I would say this has a good chance of winning. It would feel so good to get this working. For America and for the rest of the world; given how dominant America is, a functioning US political system is important for everyone. It would probably also do a lot to heal the culture war in America, fuelled by negative campaigning. As such it could calm down the climate "debate", which is clearly motivated by politics and only pretends to worry about the integrity of science. The nasty climate "debate" is a social problem in the USA, which should be solved politically in the USA, no amount of science communication can do this.

A recent survey across 14 industrialised nations has found that Australia and Norway are the most mitigation sceptical countries. This does not hurt Norway because it has a working political system. A Norwegian politician could not point to a small percentage of political radicals to satisfy his donors. In a working political system playing the fool seriously hurts your reputation; it would probably even work better to honestly say you do this because you support fossil fuel companies. The political radicals at WUWT & Co. will not go away, but it is not a law that politicians use them as excuse.
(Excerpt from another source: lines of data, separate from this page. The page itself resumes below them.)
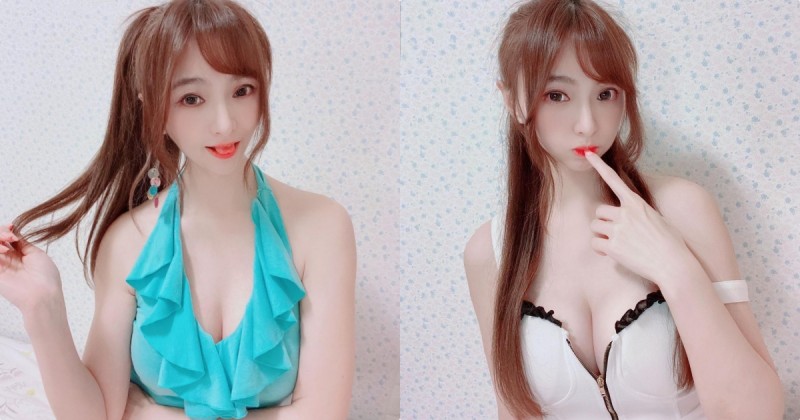 正妹「心玥」招牌長腿太吸睛，「超白嫩美肌」讓人戀愛了！【EV棋牌】-EV棋牌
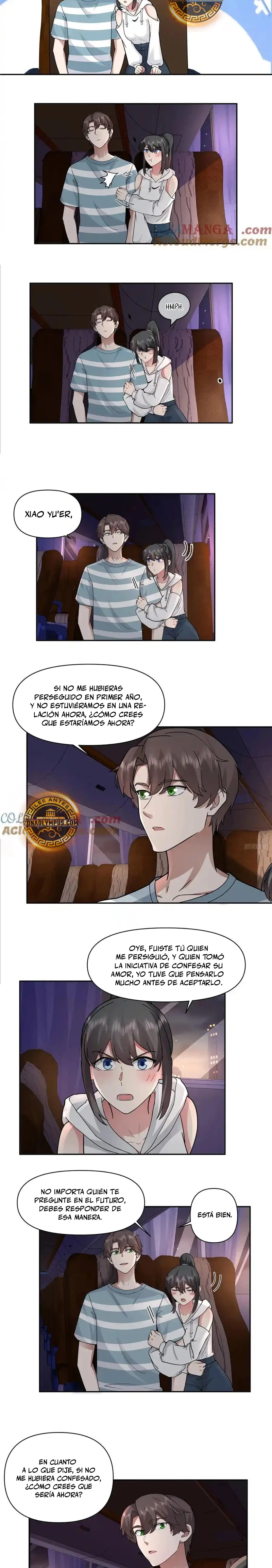 Realmente no quiero renacer Capítulo 371 - Page 5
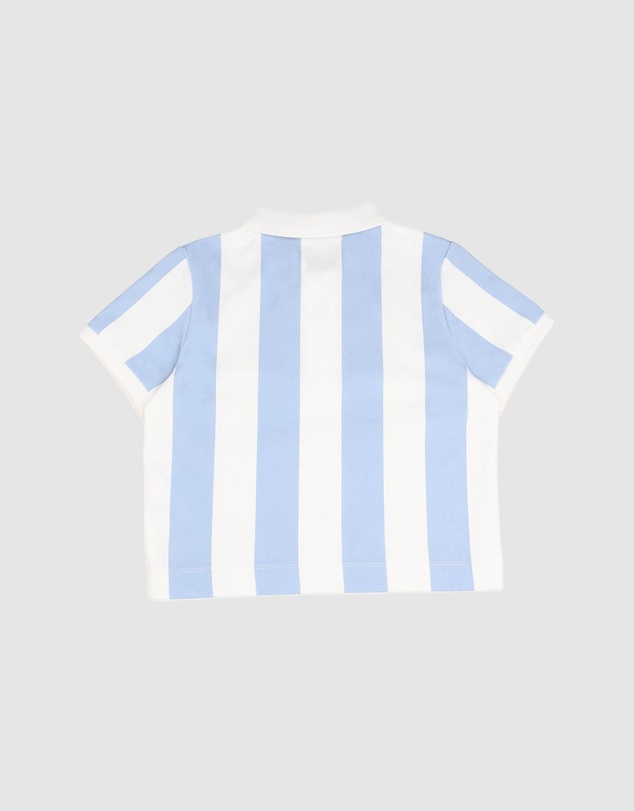 Bebe by Minihaha - Max Stripe Rugby Polo - Kids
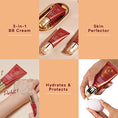 Load image into Gallery viewer, Missha M Perfect Cover BB Cream SPF42 PA+++ 25 Warm Beige 50 ml
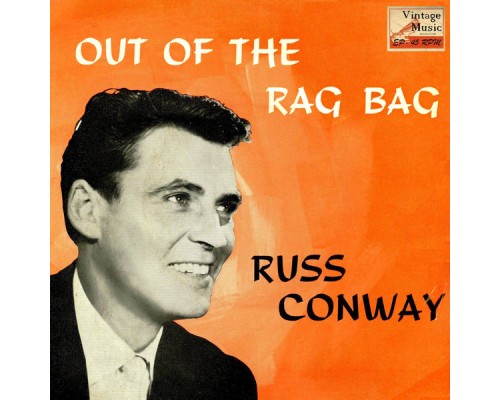Russ Conway - Vintage Belle Epoque No. 56 - EP: Out Of The Rag Bag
[UPDATE. Politics in Australia also works, just a little slower, mitigation sceptical prime minister Tony Abbott toppled after two years by science accepting Malcolm Turnbull.]

Please have a look at the plan of WOLFPAC. I think it could work and that would be fabulous.


1 comment:

  1. Maybe I should add that a second amendment to get money out of the media would also be great, but television, which is the main problem, may become irrelevant soon. Already now TV news is largely something for pensioners. The readers of tabloids probably do not take them that seriously, they are not just wrong on climate change.

    If politicians have more mainstream opinions that would likely also moderate what is seen as a normal opinion in the mass media.